▸ Provided material:
= = =

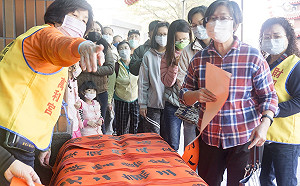 送春聯兼防疫!中市萬和宮揪18位名家提前揮毫  民眾到場直接領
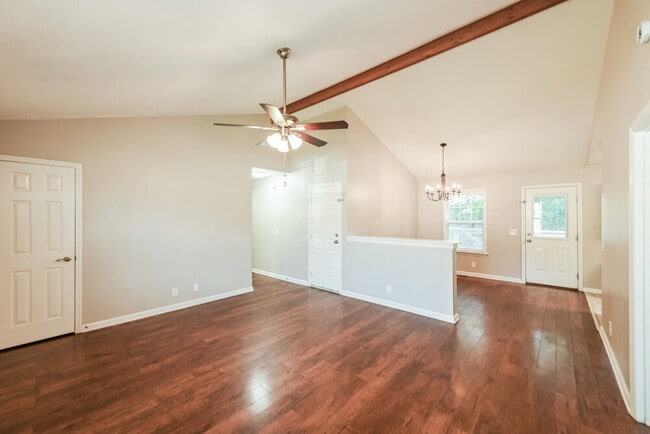 Photo - 4936 Deerhaven Dr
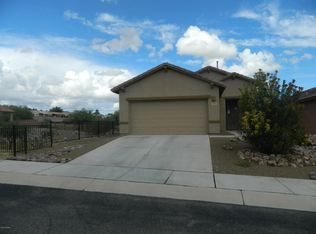 454 W Chardin Dr, Green Valley, AZ 85614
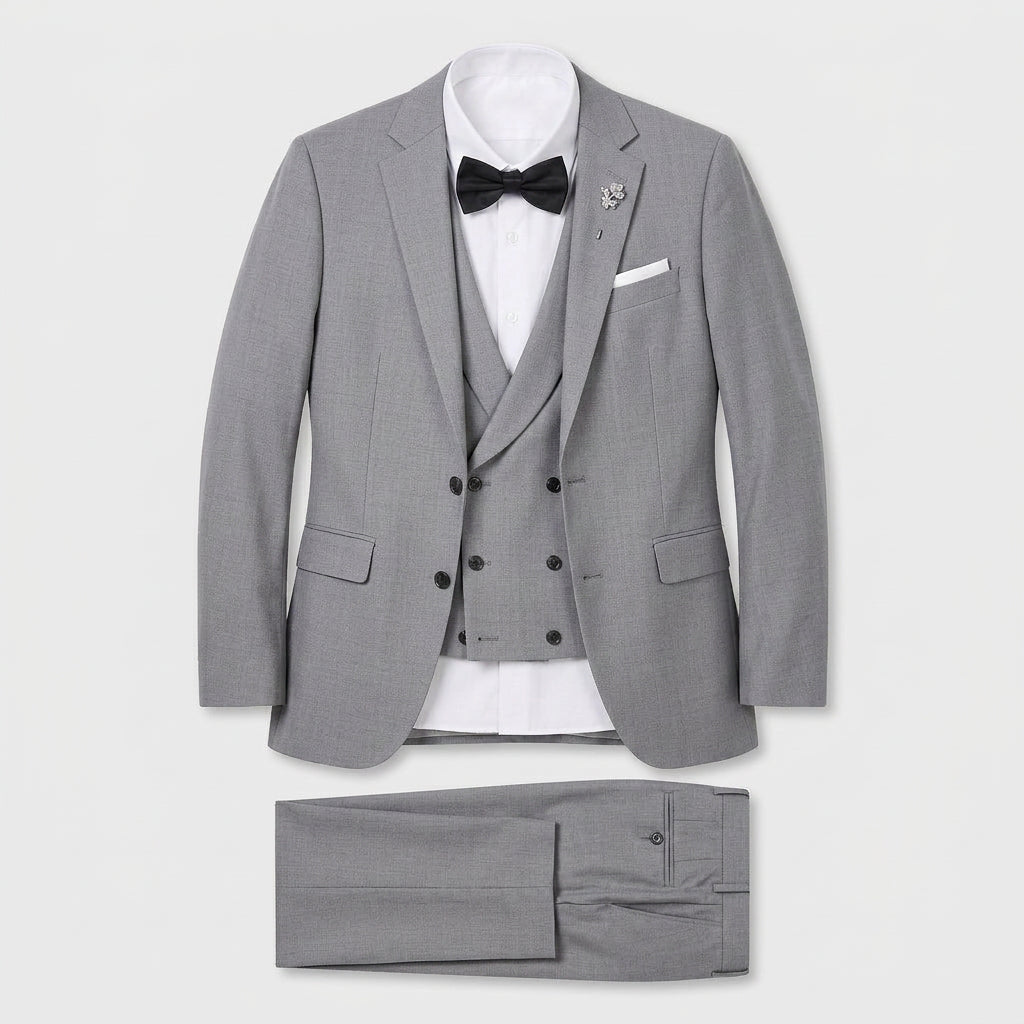 Homme en costume trois pièces position debout de face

= = =

▸ Work to be completed:
With the pictures omitted, give every line above again exactly.

▸ Result of this exercise:
 送春聯兼防疫!中市萬和宮揪18位名家提前揮毫  民眾到場直接領
 Photo - 4936 Deerhaven Dr
 454 W Chardin Dr, Green Valley, AZ 85614
 Homme en costume trois pièces position debout de face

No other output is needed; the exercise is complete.